#### LISTED ENTRIES:

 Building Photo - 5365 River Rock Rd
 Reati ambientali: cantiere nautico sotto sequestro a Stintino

==

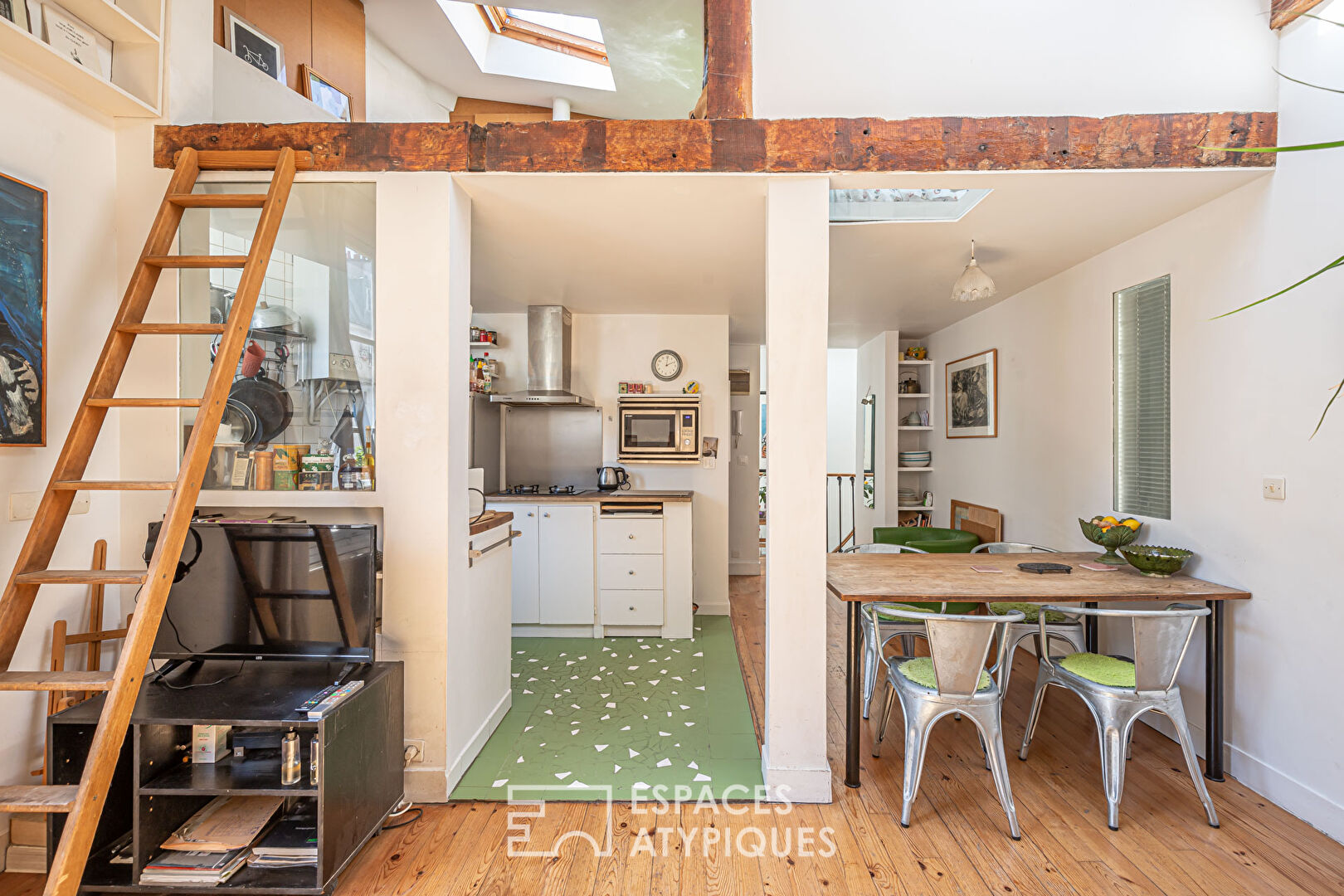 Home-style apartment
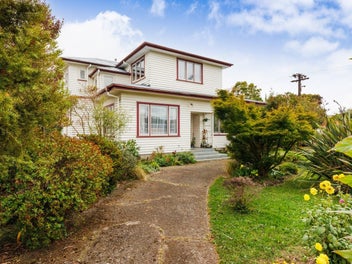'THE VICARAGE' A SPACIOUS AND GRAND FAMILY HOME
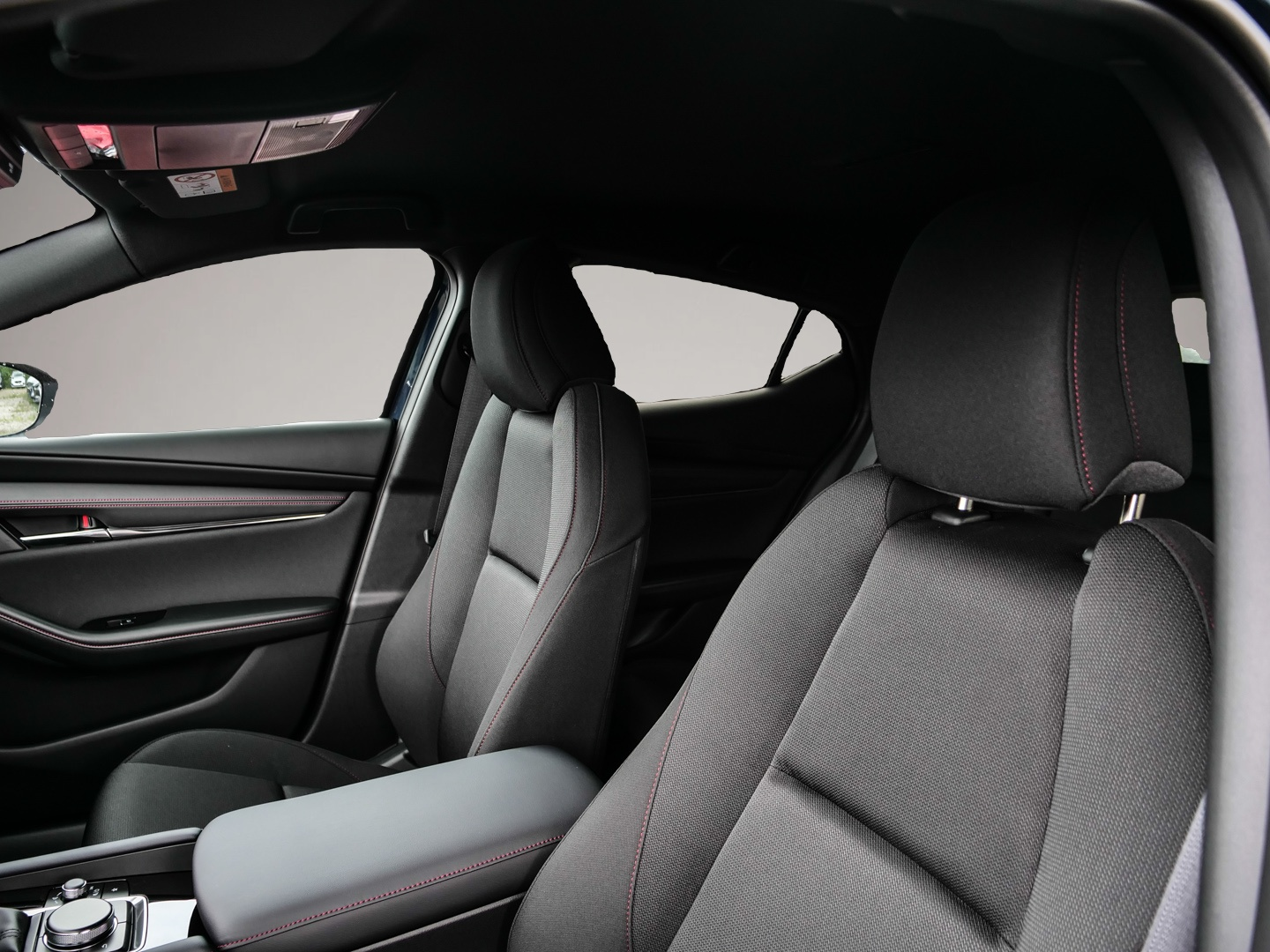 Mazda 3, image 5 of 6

#### WHAT IS EXPECTED:
Return, unchanged, the run of lines above that opens with the line containing "Building Photo - 5365 River Rock Rd" and closes with the line containing "Reati ambientali: cantiere". Include both.

#### RESPONSE BELOW:
 Building Photo - 5365 River Rock Rd
 Reati ambientali: cantiere nautico sotto sequestro a Stintino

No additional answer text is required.